もうこれ以上頑張れない。自分もさっさと引き上げて、長めの春休みを満喫したいという気持ちはよくわかります。誰であろう私自身が7年前に体験したことなのですから。


それでもあなたに、もう一度向き合ってほしいのです。


あなたの手には内定通知書と一緒に10か月という時間が握られています。人生で一度きりの22歳としての10か月です。

今の私は、あのとき深く考えずに内定を受理したことを後悔しています。考えた末に今と同じ選択をしてもかまいません。ただ、自分が選んだ道に誇りを持って20代前半を過ごしてほしいのです。

私も多少なりとも社会のはしくれとして、企業側の視点も養ってきたつもりです。少しくらいは力になれる自信はあります。だからもう一度夢をかなえるための戦略を見つめ直してもらえませんか。



まず、これまでの就活を振り返ってみてください。そこで問いかけたいのが、志望する業界にきちんと応募してきたかということです。

「新しくやりたいことが見つかるかもしれないし、第一志望の面接対策にもなるから、志望業界以外も積極的に受けた方がいい」

就活セミナーや会社説明会で耳にたこができるほど聞ききました。もちろんそのアドバイスにはうなずける部分がたくさんあります。そしてその言葉通り、アパレル、金融、飲食、教育と幅広いジャンルの企業にエントリーしましたが、私は納得とは別の”心地よさ”を感じていたような気がします。今思えば、夢から逃げる口実に使っていたのかもしれません。

私は幼いころから絵を描くのが好きで、勉強も遊びもそこそこに美術部の活動に打ち込んでいました。ところがいざ受験となると、経済力も才能も足りない。美大への進学をあきらめ、流されるように文学の道に足を踏み入れました。夢が指の隙間から零れ落ちていくような無気力な日々の中、幸いにもこの場所で言葉を受け取り発信することのおもしろさを知りました。創作や表現の分野で働く自分を夢想するようになり、塾講師のアルバイト経験を活かして教育系の出版社をいくつか受けました。でも、それ以外のマスコミにはためらっていたような気がします。その根底には、ここでも才能がないことを突きつけられたらどうしよう、次は何を糧に生きていけばいいのだろう、という心許なさがあったと思います。

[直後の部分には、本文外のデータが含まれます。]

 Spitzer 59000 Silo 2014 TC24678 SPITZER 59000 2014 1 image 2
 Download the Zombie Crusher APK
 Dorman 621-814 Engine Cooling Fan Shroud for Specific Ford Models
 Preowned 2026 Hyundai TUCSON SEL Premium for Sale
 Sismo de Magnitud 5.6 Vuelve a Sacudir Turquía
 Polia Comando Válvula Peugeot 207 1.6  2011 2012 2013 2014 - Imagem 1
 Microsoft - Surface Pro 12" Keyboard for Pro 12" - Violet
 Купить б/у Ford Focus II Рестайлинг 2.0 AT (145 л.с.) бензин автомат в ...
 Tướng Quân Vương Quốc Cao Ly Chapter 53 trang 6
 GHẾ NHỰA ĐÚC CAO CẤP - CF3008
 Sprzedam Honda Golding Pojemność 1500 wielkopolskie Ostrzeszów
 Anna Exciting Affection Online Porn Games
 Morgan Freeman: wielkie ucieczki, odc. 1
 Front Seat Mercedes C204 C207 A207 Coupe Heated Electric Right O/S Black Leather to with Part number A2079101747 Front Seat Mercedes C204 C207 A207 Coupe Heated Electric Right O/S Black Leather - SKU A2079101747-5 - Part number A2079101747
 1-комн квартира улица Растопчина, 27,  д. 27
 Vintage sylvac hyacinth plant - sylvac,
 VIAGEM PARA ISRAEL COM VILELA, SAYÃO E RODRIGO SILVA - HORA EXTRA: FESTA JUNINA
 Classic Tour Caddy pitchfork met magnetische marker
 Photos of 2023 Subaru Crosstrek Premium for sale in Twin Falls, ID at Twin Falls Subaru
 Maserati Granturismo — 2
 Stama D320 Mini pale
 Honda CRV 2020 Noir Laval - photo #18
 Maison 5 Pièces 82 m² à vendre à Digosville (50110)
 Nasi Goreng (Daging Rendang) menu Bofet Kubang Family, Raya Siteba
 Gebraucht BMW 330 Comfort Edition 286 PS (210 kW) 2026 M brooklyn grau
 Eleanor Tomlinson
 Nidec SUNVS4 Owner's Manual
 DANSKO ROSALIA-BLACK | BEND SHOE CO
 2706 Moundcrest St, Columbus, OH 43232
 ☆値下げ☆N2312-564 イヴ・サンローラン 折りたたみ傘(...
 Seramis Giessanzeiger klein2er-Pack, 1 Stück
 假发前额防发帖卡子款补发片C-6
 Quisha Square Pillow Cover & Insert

ただ10年後、やっぱり転職してやりたいことに挑戦したいとなったとして、立ちはだかるのが年齢制限です。あなたの好きな出版社の求人をいくつか調べてみてください。『書籍編集の実務経験3年以上』『キャリア形成をはかるため30歳まで』など条件が付いて回ります。あなたが何気なく過ごしているその22歳は、あとからいくら大金を積んでも手に入らない”武器”なのです。せっかくあなたが欲しいという会社が見つかったのですから、焦らず落ち着いて一般常識と時事を勉強し直し、将来作ってみたい本の企画をじっくり練ってみるのもひとつの手です。


もし「新卒じゃ若さは有利にならない」と思ったのなら、中途採用の転職サイトや企業の個別HPを覗いてみてください。中には『社会人デビュー可』『学生さんは入社時期を考慮します』といった求人も意外とあります。特に条件が書かれていないけれど魅力を感じたのなら、電話で問い合わせてみてもいいかもしれません。たとえご縁がつながらなくても、興味を持たれて嬉しくない企業はないはずです。


ところで、どんな基準で会社を選んでいますか?もしかして”やりがい”と”人柄”だけで選んでいませんか。「面接での雰囲気がよかったなあ」という感触や、『アットホームな雰囲気』『早くからやりがいのある仕事を任せてもらえる!』という求人の文言を素直に信じていませんか?

少なくとも愛想の悪い会社より、面接で盛り上がった会社を選んだ方がいいとは思いますが、本当の相性は働いてみなきゃわからないものです。従業員全員が文句なしにいい人!なんてことはめったにないでしょうし、入社時はうまくいっていても異動や退職、後輩の入社など定期的に関係は移っていきます。物事には必ず両面性があることも忘れないで。『アットホーム』は仕事とプライベートがごちゃ混ぜになりがちなのかもしれないし、『早くからやりがいのある仕事を任せてもらえる』は人手が足りなくて教育制度が整っていないのかもしれません。

誤魔化しのきかない条件の部分も考慮してください。週休2日と完全週休2日は違います。アニバーサリー休暇って有休と別に取れるんですか。お給料は同業他社と比べてどう?残業代は出る?補助や手当は?賞与は年何回?副業は?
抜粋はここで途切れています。